Tf Pipeline: Part 2: Ingesting Data

07 Jan 2019

Foreword

I refactored most of the utility functions from the previous tutorial code into a utility file.

Changes

1) FeatureProto

1) removed CSV support - tfRecord all the way

2) The parser prototypes (tf.FixedLenFeature) are generated on initialization

3) Added an option to generate a One-Hot encoding while parsing the dataset

2) dataset_config

1) Added a return_dataset arg whereby instead of returning an iterator.get_next(), we return a configured tf.Dataset.

Motivation

1) Show you how to use the generated tfRecord for training and inference

2) Give you an idea of how to use tf.estimators

Story time

To recap, you’ve created one portion of the pipeline: you’ve verified that data is being transformed from .data format into a tfrecord. But now you’ve got to figure out how to USE the data before moving into productionizing all of it.

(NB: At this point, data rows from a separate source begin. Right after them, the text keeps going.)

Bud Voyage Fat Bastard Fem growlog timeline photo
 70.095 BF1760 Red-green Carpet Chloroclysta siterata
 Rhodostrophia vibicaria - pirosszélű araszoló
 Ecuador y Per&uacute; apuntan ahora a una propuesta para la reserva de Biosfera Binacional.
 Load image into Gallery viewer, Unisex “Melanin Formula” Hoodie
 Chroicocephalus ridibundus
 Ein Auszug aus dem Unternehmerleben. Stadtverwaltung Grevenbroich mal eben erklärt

Given how the company is still moving away from Framework X, you’ve got a blank slate and no technical debt. Your good friend, Ian, recommended that you try a custom tf.estimators because it allows you to focus on building the model and doing your research and development, instead of focusing on “inference time” or “model serving” since all of those things are built in.

After all, you chose Tensorflow because it’s supposed to be the better option when scaling and serving, right? If you’re not going to use those features, and you’re going to write everything from scratch you should have used PyTorch.

The plan

1) Give you a quick overview of how we’re loading the data (simple stuff since it’s not distributed)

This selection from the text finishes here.